Instructions for the task:
Any picture in the entries is to be skipped, while everything else is transcribed word for word.

____________

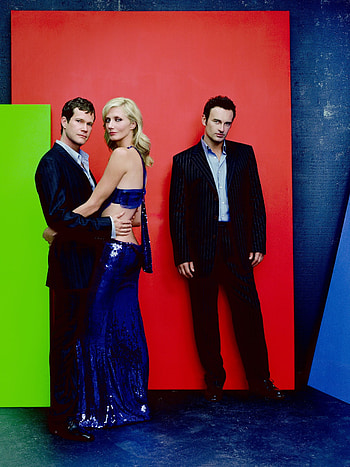Nip/Tuck, TV Series, Promo , Intense characters HD phone wallpaper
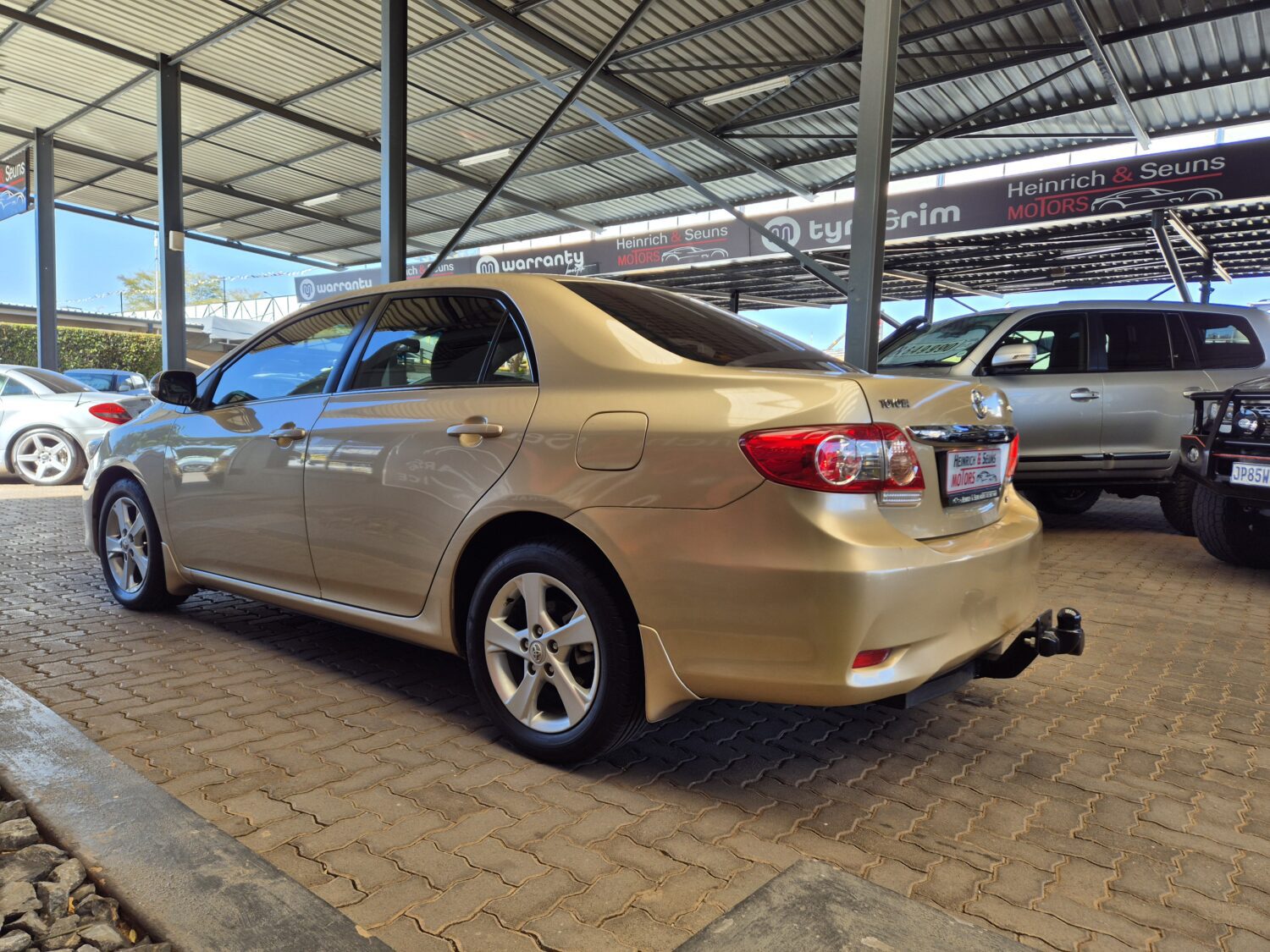 Toyota Corolla 1.6 Advanced Auto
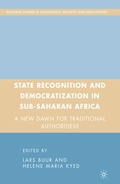 Cover: State Recognition and Democratization in Sub-Saharan Africa - Palgrave MacMillan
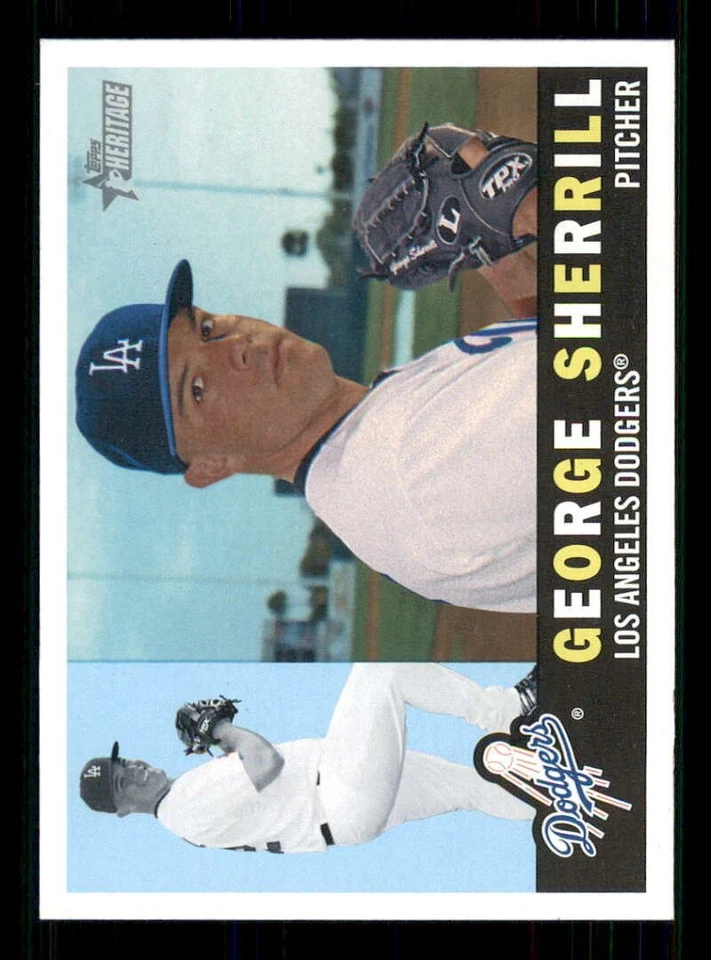 2009 Topps Heritage High Numbers Baseball #501-685 Base Card Singles (You Pick)  - Image 1 of 1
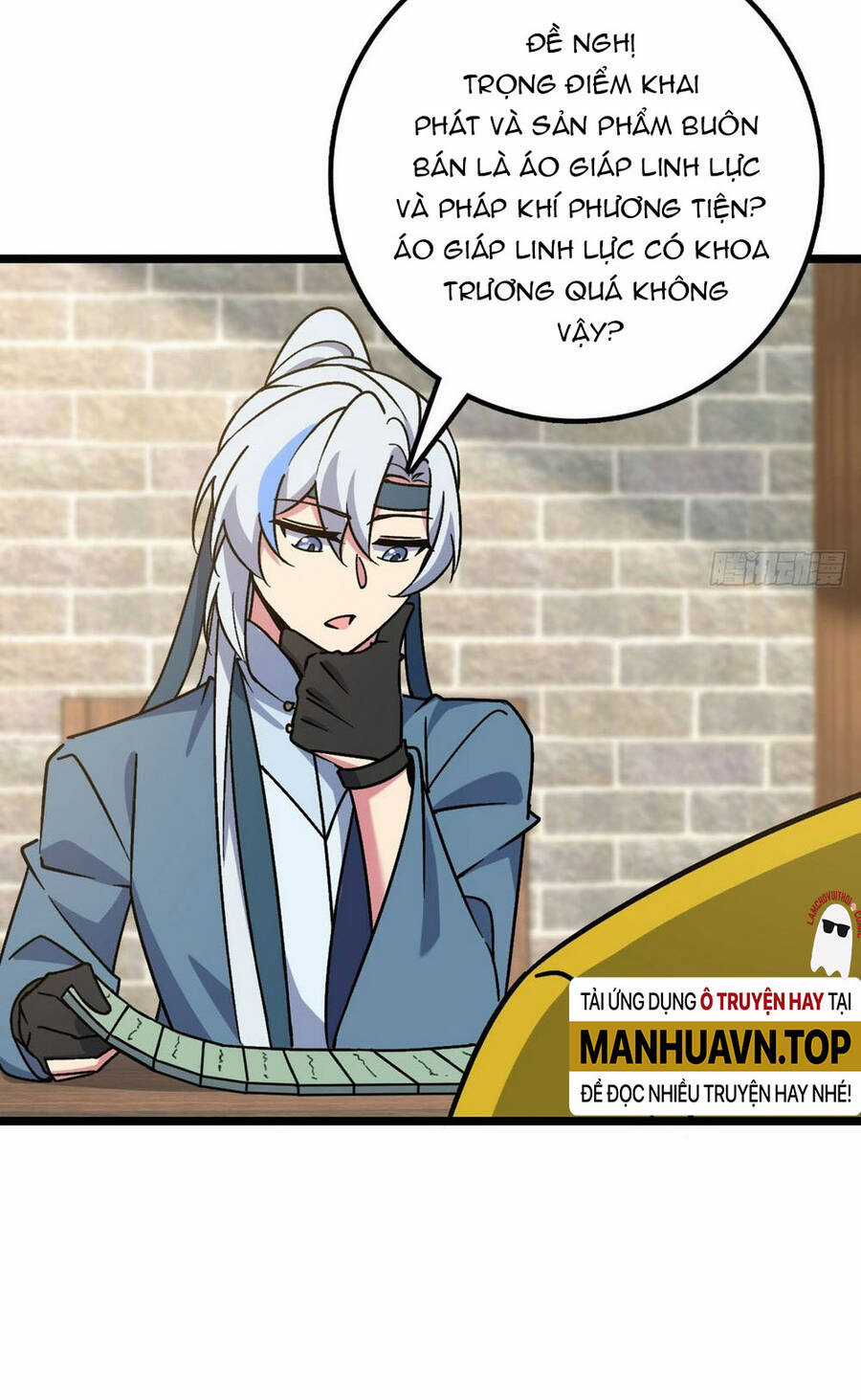 Sư Phụ Của Ta Mỗi Khi Đến Đại Nạn Mới Đột Phá Chương 50 trang 54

____________

Exercise solution:
Nip/Tuck, TV Series, Promo , Intense characters HD phone wallpaper
 Toyota Corolla 1.6 Advanced Auto
 Cover: State Recognition and Democratization in Sub-Saharan Africa - Palgrave MacMillan
 2009 Topps Heritage High Numbers Baseball #501-685 Base Card Singles (You Pick)  - Image 1 of 1
 Sư Phụ Của Ta Mỗi Khi Đến Đại Nạn Mới Đột Phá Chương 50 trang 54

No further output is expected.